Y entonces, ¿cuál es el saldo favorable de tanta página? Urge reescribir las conclusiones. Sí, el Estado boliviano existe a partir de alianzas y pactos diversos, impone muy poco y suplica en abundancia, controla parcelas cada vez más amplias del territorio (sobre todo las ciudades) y se desvive por congraciarse con sus súbditos, que le ruegan por su carnet de identidad, pero le imponen, amotinados, su capacidad de co-gestión cuando la fuerza social se los permite. No tenemos un Estado débil y una sociedad fuerte, tenemos, a lo sumo, un Estado, que aunque magro en sus capacidades, es referente imprescindible de legitimidad para una sociedad díscola, fracturada y enfrentada consigo misma. Como se prueba en el Informe, cada núcleo social organizado implora por reconocimiento estatal y solo cuando lo arranca, siente que vale para destronar a sus competidores. En el país, las fronteras entre Estado y sociedad son endebles y es por ello que aquella máxima de que el primero debe reflejar el dinamismo de la segunda, no pasa de ser un absurdo sin fundamento. No es la sociedad la que nos evita caer en el Estado fallido; es el Estado esmirriado el que convalida los embates de una fracción de la sociedad contra las otras; estableciendo precarios equilibrios, generalmente conservadores.
Refutar a quienes predican contra el Estado total y a quienes lamentan la evaporación de las estructuras institucionales tiene hasta ahora un valor anecdótico.
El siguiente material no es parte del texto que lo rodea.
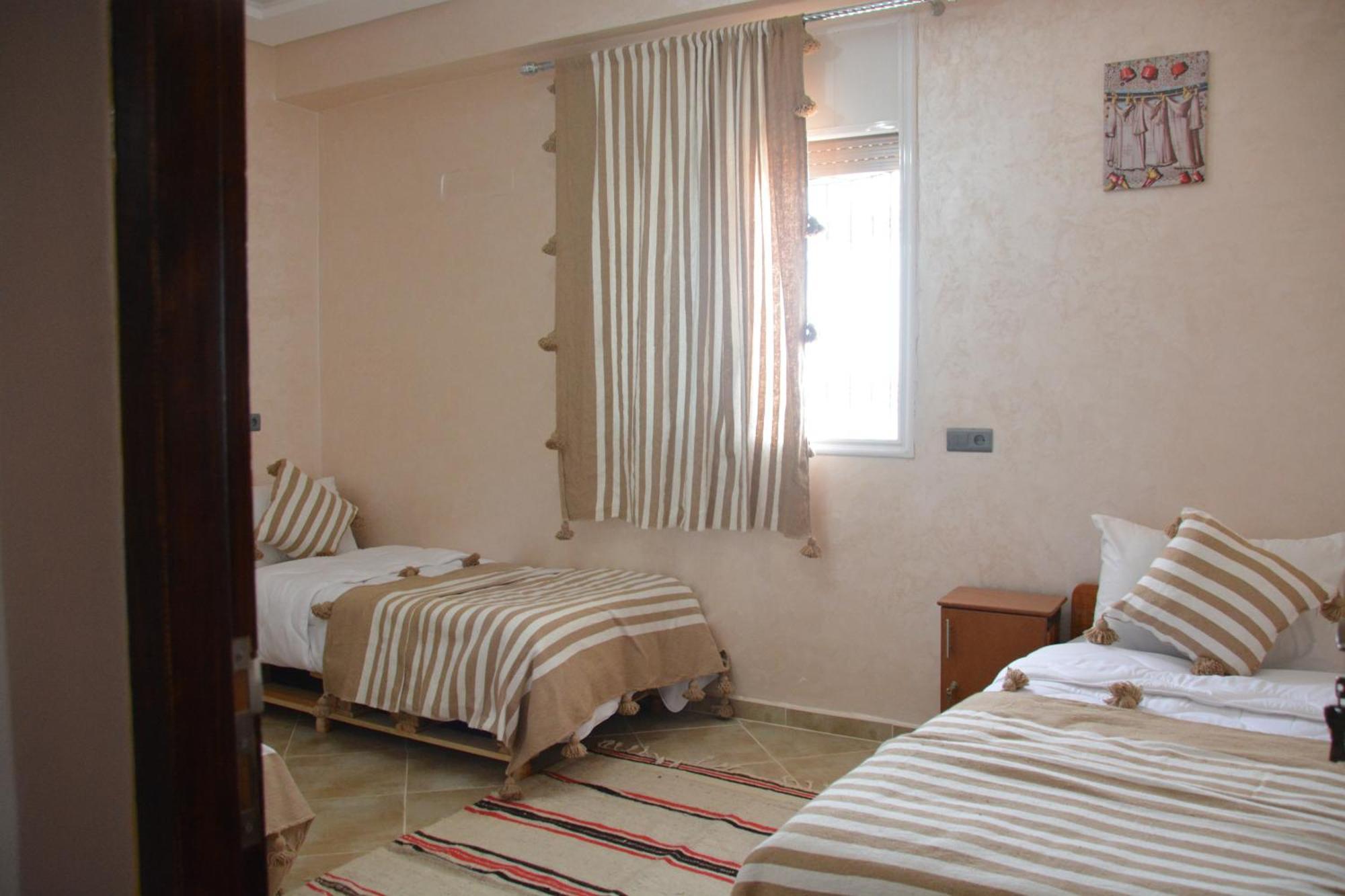 Azour House Apartman Taghazout Kültér fotó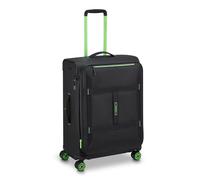 Roncato Norway Valise Moyenne 64 cm Extensible - Noir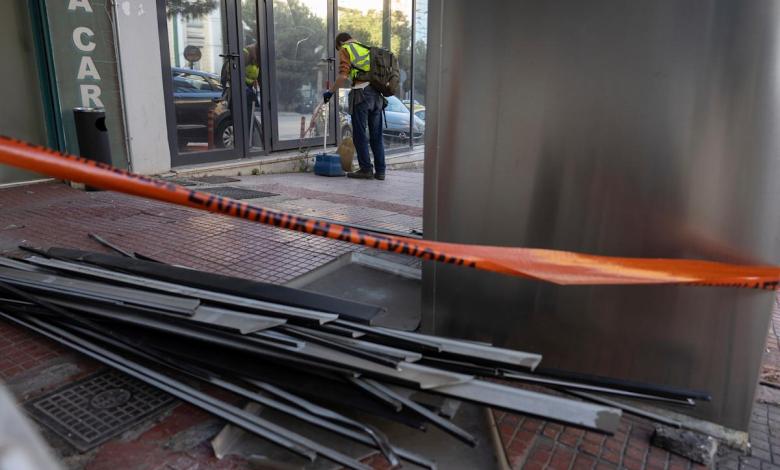 New armed extremist groups claim responsibility for bombing near railway company headquarters New armed extremist groups claim responsibility for bombing near railway company headquarters
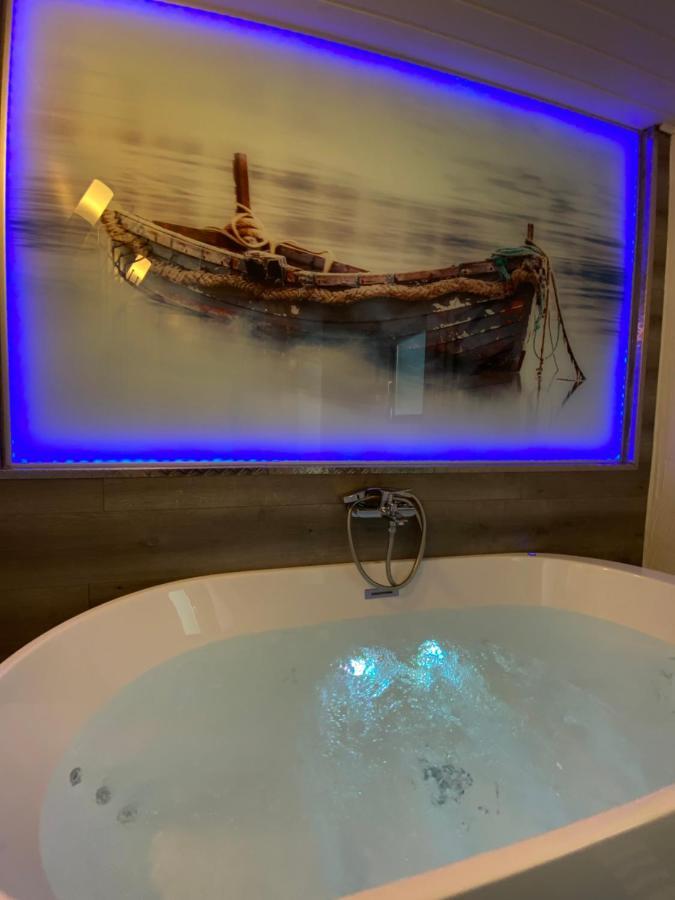 Das Nest, Opional Mit Sauna Und Whirlpool Dahlem (Euskirchen) Exterior foto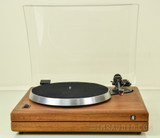 The AR Turntable; Near Mint Condition in Box with Dynavector 10x4 Cartridge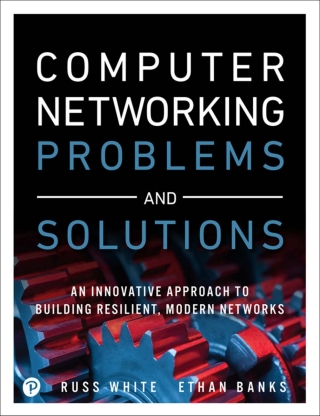 Cover image: Computer Networking Problems and Solutions 1st edition 9781587145049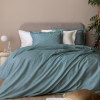 Σετ Υπέρδιπλα Σεντόνια 240×270 Posh Sateen Πράσινο
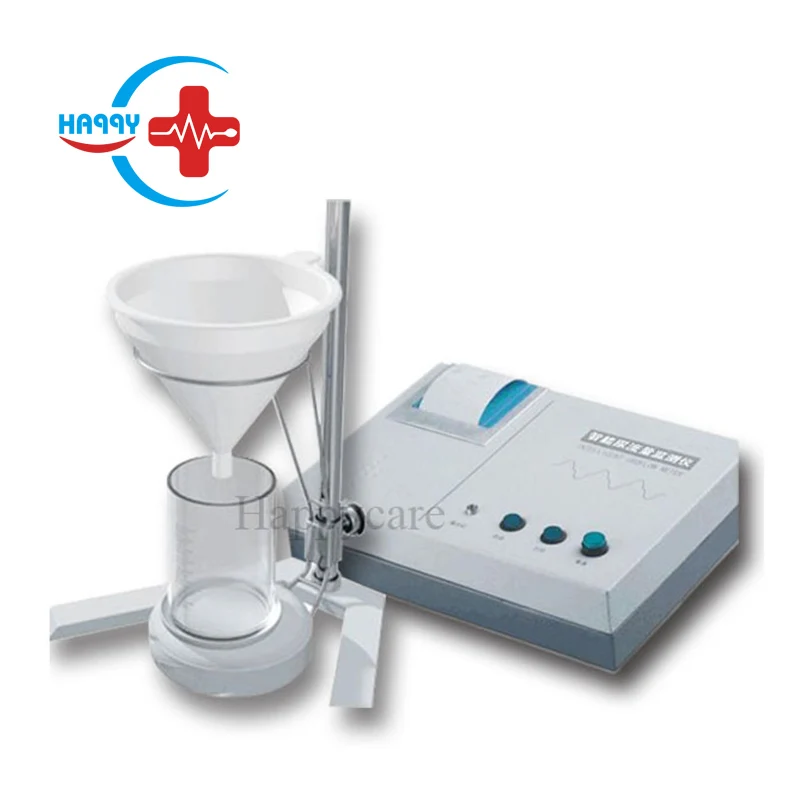 HC-B013 High Quality  Intelligent Uroflowmeter with nice price/urine flow meter/ urine measurement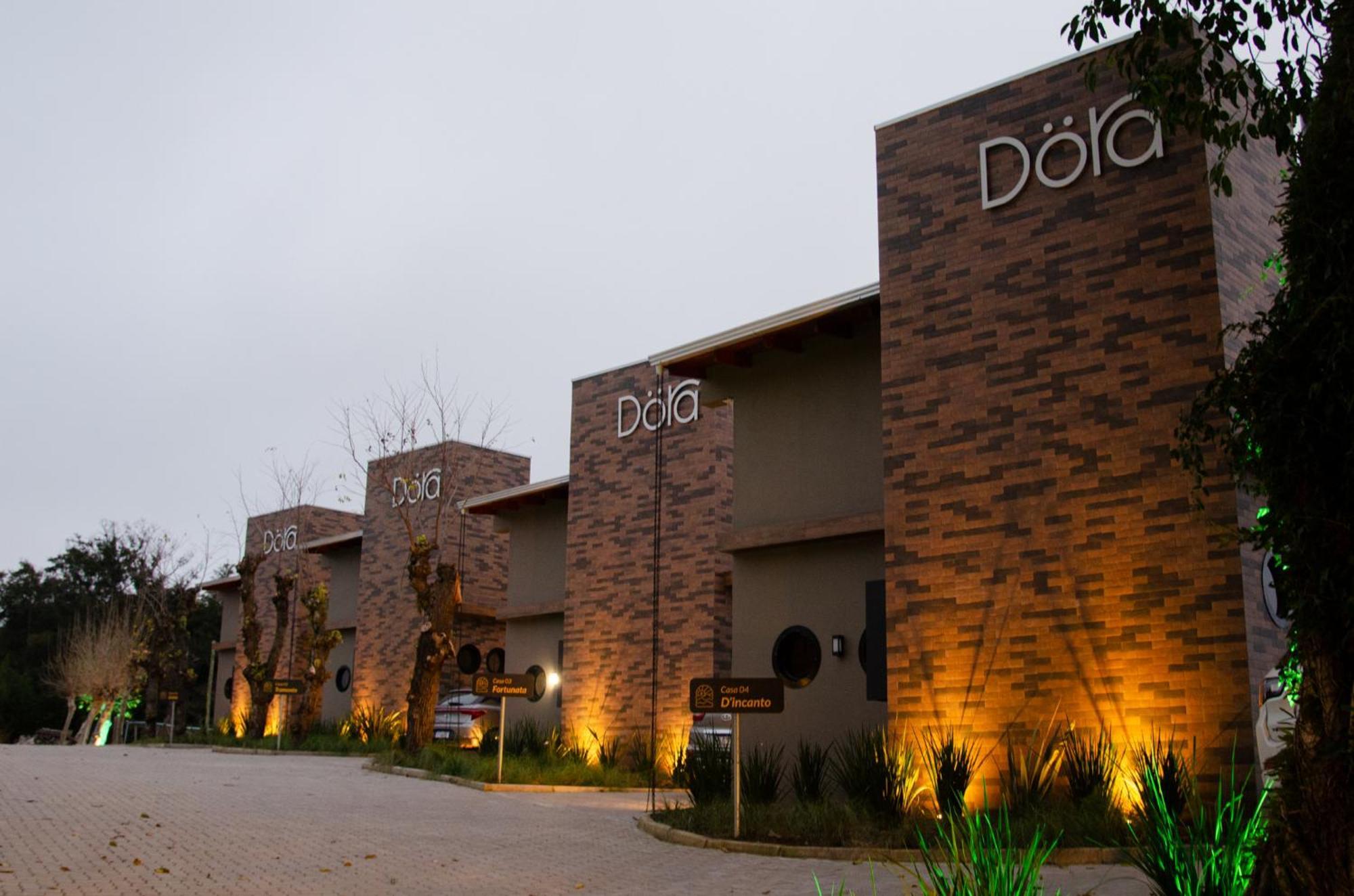 Doera Experience - Pousada De Luxo - Vale Dos Vinhedos Bento Gonçalves エクステリア 写真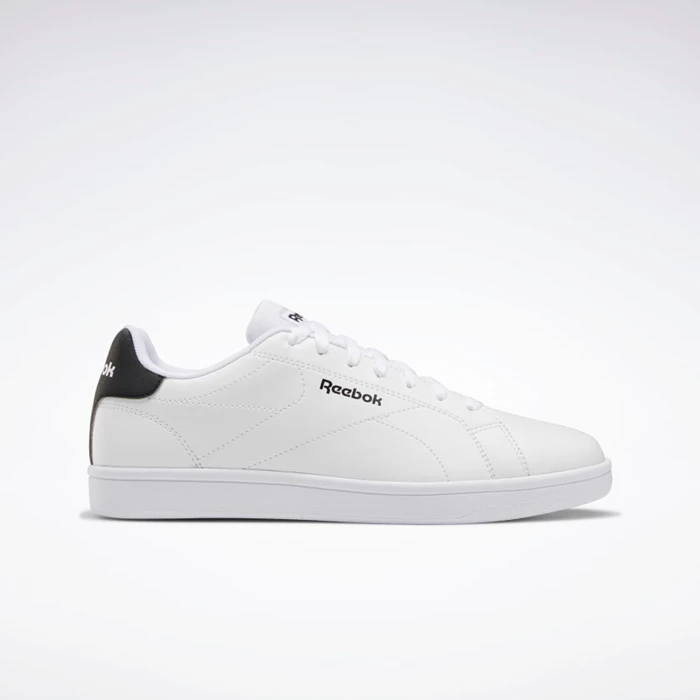 Classics Reebok Royal Complete CLN 2 Panske White/White/Black | NASJTD621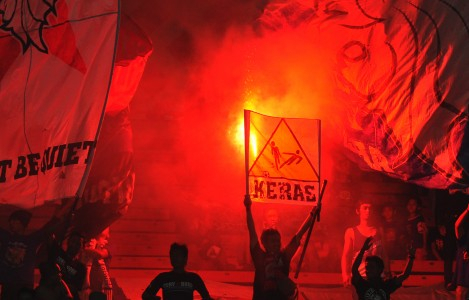 Kapolri Larang Jakmania Ikut Tandang ke Markas Persib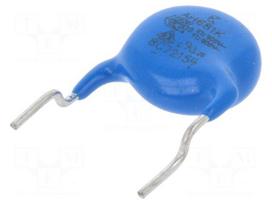 Capacitor: ceramic | X1/Y1 | 680pF | Y5P | ±10% | THT | 10mm | Series: C900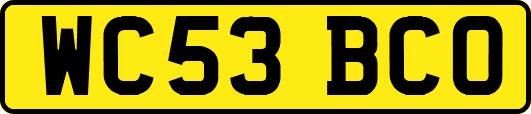 WC53BCO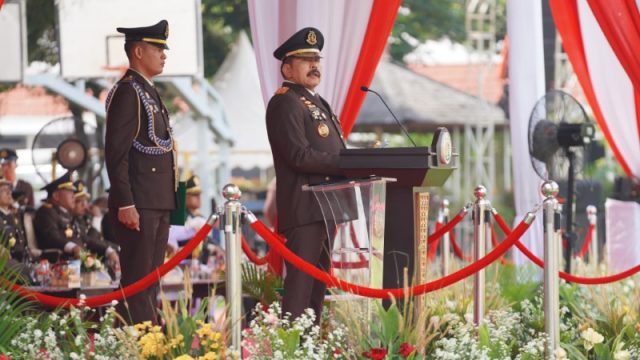 Lantik 350 Jaksa PPPJ Angkatan 82 Gelombang II Tahun 2025, Jaksa Agung Tekankan Integritas dan Keadilan Substantif sebagai Fondasi Profesi  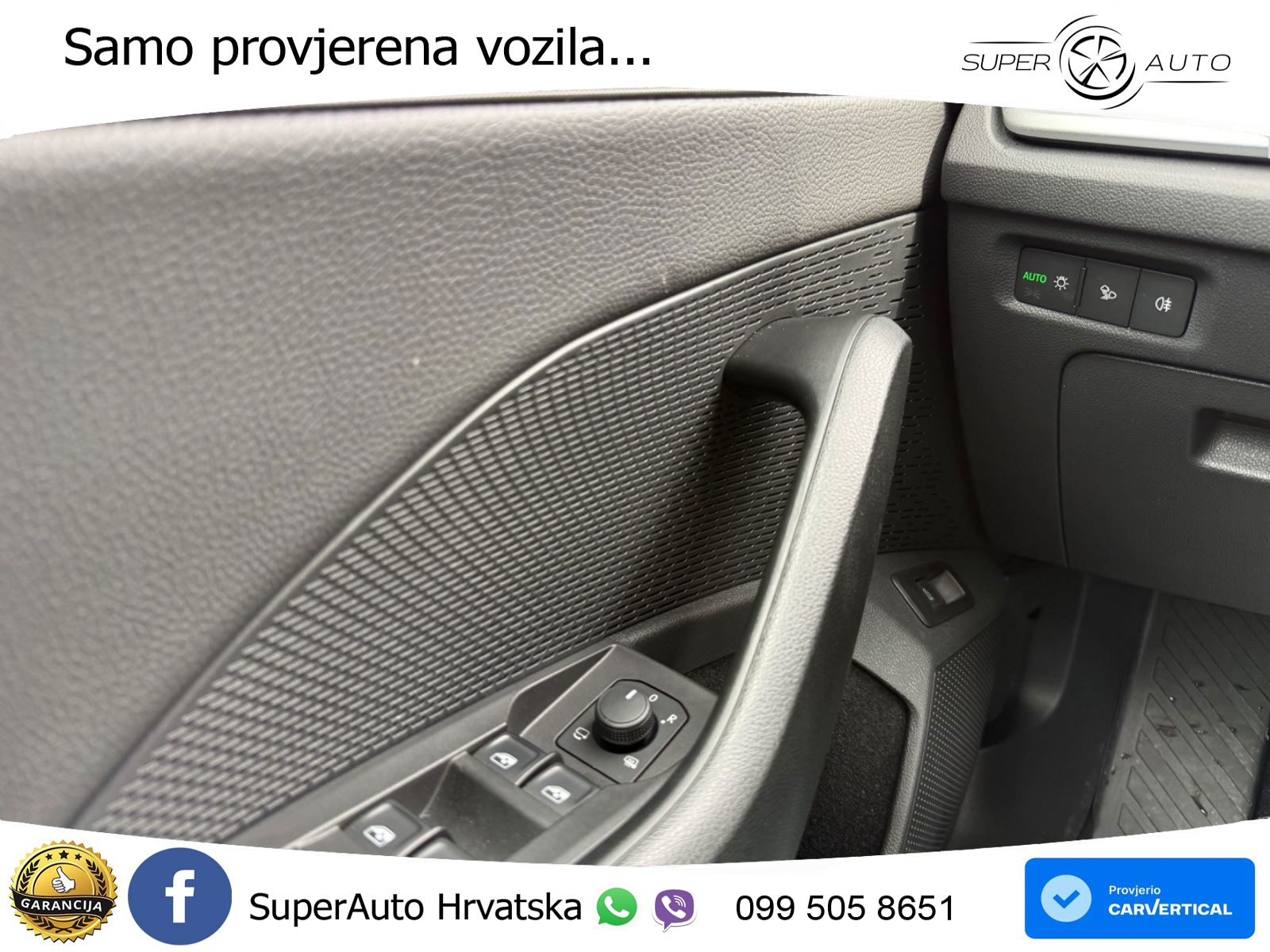 Škoda Octavia Combi 1.5 TSI (150 KS) DSG Selection LED+GR SJED+ACC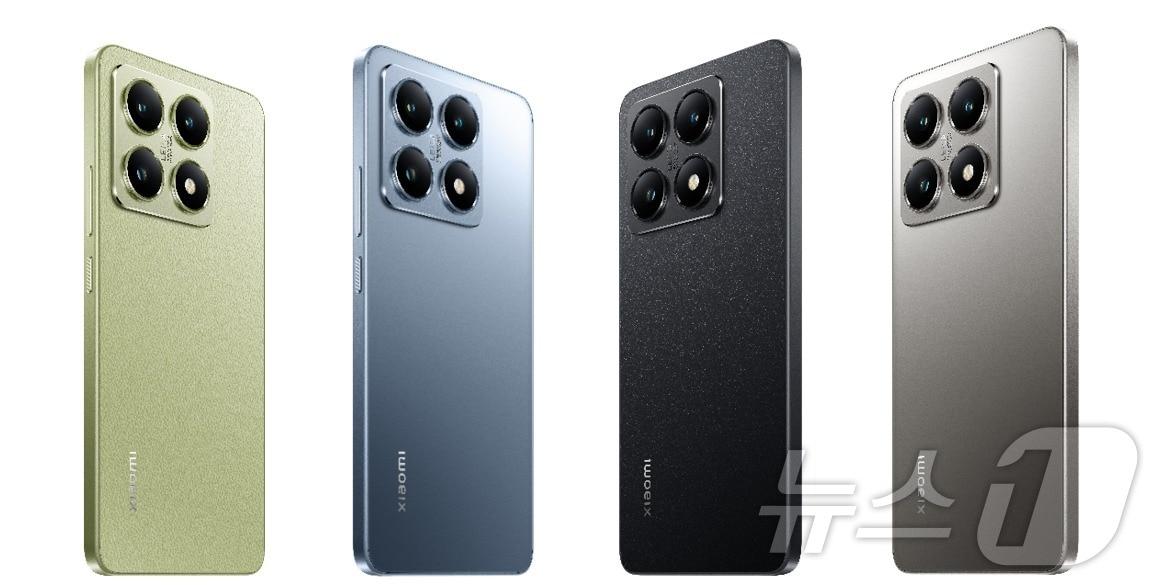 본문 이미지 - 샤오미 14T&#40;샤오미 제공&#41;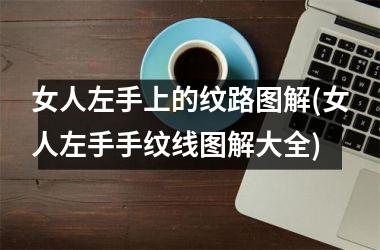 女人左手上的纹路图解(女人左手手纹线图解大全)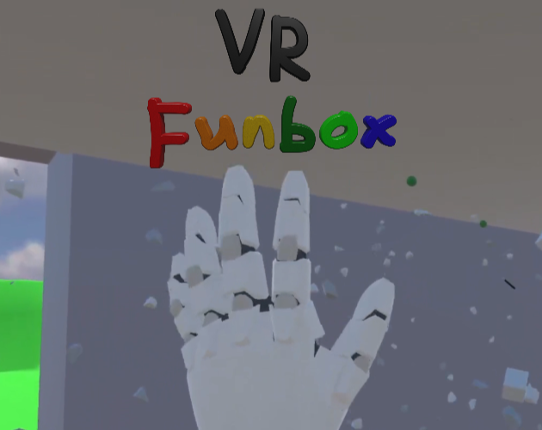 Vr Funbox Game Cover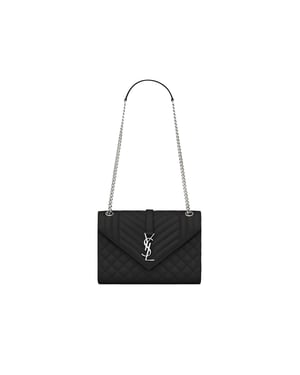 Saint Laurent Envelope Medium Tas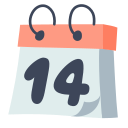 calendario icon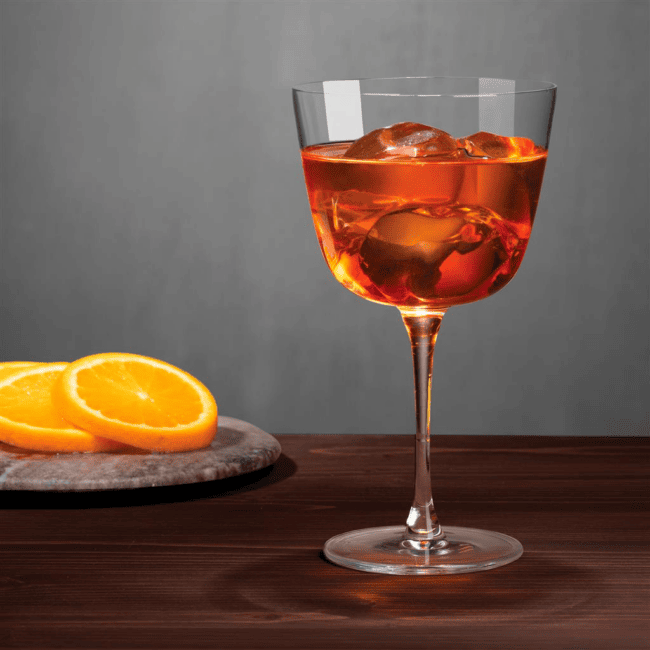 Calice spritz glass bargiani cl.33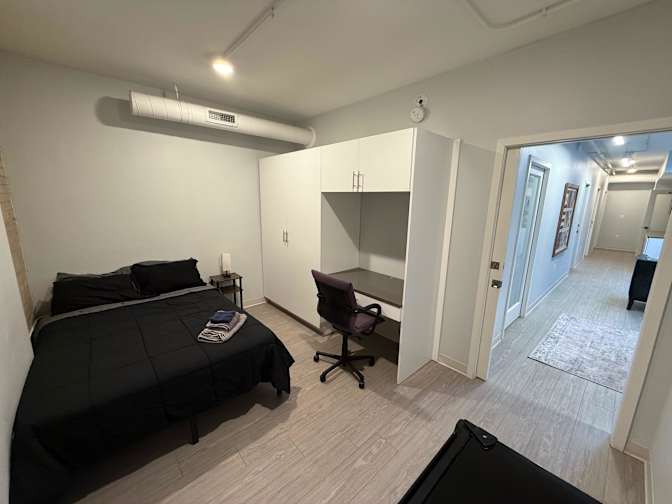 PadSplit's room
Lo que adquiere sentido en estos días convulsos es resolver, más que celebrar, la intolerable porosidad del Estado boliviano. Urge pues la cohesión frente a la autocomplacencia zalamera con el estallido reivindicatorio de tanta republiqueta. A lo mejor al siguiente Informe le tocará pensar en serio las maneras de aminorar tanta grieta.